WORK INSTRUCTION → Each line of the records needs to come back exactly as written.

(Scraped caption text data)

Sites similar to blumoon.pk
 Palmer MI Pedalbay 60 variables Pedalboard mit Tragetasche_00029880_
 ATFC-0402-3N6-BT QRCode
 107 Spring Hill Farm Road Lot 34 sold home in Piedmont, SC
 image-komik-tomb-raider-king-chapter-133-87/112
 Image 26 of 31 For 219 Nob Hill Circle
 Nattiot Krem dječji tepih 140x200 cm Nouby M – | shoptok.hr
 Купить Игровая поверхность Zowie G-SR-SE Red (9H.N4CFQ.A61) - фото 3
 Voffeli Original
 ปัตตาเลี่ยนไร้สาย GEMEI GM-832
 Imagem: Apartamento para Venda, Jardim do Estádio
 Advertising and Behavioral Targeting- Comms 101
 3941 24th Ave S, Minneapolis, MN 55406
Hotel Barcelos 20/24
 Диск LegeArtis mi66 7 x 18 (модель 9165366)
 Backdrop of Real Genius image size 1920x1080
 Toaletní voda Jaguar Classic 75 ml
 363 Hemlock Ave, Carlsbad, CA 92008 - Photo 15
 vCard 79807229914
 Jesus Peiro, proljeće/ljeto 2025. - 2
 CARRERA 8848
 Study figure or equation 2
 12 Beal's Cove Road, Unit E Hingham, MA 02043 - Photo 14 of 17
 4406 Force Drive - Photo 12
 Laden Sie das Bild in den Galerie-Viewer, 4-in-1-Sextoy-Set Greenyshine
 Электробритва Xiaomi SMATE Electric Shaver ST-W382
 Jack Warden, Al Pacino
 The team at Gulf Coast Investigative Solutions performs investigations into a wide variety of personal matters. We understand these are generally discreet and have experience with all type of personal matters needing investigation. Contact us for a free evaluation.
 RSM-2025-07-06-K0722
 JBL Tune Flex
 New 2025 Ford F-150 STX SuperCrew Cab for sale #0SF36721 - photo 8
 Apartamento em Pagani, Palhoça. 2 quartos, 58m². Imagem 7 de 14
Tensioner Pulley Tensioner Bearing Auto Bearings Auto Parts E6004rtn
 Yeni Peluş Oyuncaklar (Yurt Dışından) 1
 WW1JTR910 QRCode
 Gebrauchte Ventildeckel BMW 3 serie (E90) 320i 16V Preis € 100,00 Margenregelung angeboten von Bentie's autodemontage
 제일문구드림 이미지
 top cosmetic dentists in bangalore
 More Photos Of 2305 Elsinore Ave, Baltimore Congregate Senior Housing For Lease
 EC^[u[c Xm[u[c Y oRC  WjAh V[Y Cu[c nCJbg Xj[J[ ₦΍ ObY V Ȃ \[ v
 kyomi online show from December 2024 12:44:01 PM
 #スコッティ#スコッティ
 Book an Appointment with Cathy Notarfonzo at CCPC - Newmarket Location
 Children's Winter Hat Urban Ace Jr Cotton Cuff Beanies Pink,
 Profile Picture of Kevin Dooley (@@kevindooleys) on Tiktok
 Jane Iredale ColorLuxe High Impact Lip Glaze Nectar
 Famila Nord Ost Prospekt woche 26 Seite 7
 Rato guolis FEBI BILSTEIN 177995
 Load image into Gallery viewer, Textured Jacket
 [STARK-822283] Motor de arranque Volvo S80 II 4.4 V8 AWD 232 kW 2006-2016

ANSWER SPACE →
Sites similar to blumoon.pk
 Palmer MI Pedalbay 60 variables Pedalboard mit Tragetasche_00029880_
 ATFC-0402-3N6-BT QRCode
 107 Spring Hill Farm Road Lot 34 sold home in Piedmont, SC
 image-komik-tomb-raider-king-chapter-133-87/112
 Image 26 of 31 For 219 Nob Hill Circle
 Nattiot Krem dječji tepih 140x200 cm Nouby M – | shoptok.hr
 Купить Игровая поверхность Zowie G-SR-SE Red (9H.N4CFQ.A61) - фото 3
 Voffeli Original
 ปัตตาเลี่ยนไร้สาย GEMEI GM-832
 Imagem: Apartamento para Venda, Jardim do Estádio
 Advertising and Behavioral Targeting- Comms 101
 3941 24th Ave S, Minneapolis, MN 55406
Hotel Barcelos 20/24
 Диск LegeArtis mi66 7 x 18 (модель 9165366)
 Backdrop of Real Genius image size 1920x1080
 Toaletní voda Jaguar Classic 75 ml
 363 Hemlock Ave, Carlsbad, CA 92008 - Photo 15
 vCard 79807229914
 Jesus Peiro, proljeće/ljeto 2025. - 2
 CARRERA 8848
 Study figure or equation 2
 12 Beal's Cove Road, Unit E Hingham, MA 02043 - Photo 14 of 17
 4406 Force Drive - Photo 12
 Laden Sie das Bild in den Galerie-Viewer, 4-in-1-Sextoy-Set Greenyshine
 Электробритва Xiaomi SMATE Electric Shaver ST-W382
 Jack Warden, Al Pacino
 The team at Gulf Coast Investigative Solutions performs investigations into a wide variety of personal matters. We understand these are generally discreet and have experience with all type of personal matters needing investigation. Contact us for a free evaluation.
 RSM-2025-07-06-K0722
 JBL Tune Flex
 New 2025 Ford F-150 STX SuperCrew Cab for sale #0SF36721 - photo 8
 Apartamento em Pagani, Palhoça. 2 quartos, 58m². Imagem 7 de 14
Tensioner Pulley Tensioner Bearing Auto Bearings Auto Parts E6004rtn
 Yeni Peluş Oyuncaklar (Yurt Dışından) 1
 WW1JTR910 QRCode
 Gebrauchte Ventildeckel BMW 3 serie (E90) 320i 16V Preis € 100,00 Margenregelung angeboten von Bentie's autodemontage
 제일문구드림 이미지
 top cosmetic dentists in bangalore
 More Photos Of 2305 Elsinore Ave, Baltimore Congregate Senior Housing For Lease
 EC^[u[c Xm[u[c Y oRC  WjAh V[Y Cu[c nCJbg Xj[J[ ₦΍ ObY V Ȃ \[ v
 kyomi online show from December 2024 12:44:01 PM
 #スコッティ#スコッティ
 Book an Appointment with Cathy Notarfonzo at CCPC - Newmarket Location
 Children's Winter Hat Urban Ace Jr Cotton Cuff Beanies Pink,
 Profile Picture of Kevin Dooley (@@kevindooleys) on Tiktok
 Jane Iredale ColorLuxe High Impact Lip Glaze Nectar
 Famila Nord Ost Prospekt woche 26 Seite 7
 Rato guolis FEBI BILSTEIN 177995
 Load image into Gallery viewer, Textured Jacket
 [STARK-822283] Motor de arranque Volvo S80 II 4.4 V8 AWD 232 kW 2006-2016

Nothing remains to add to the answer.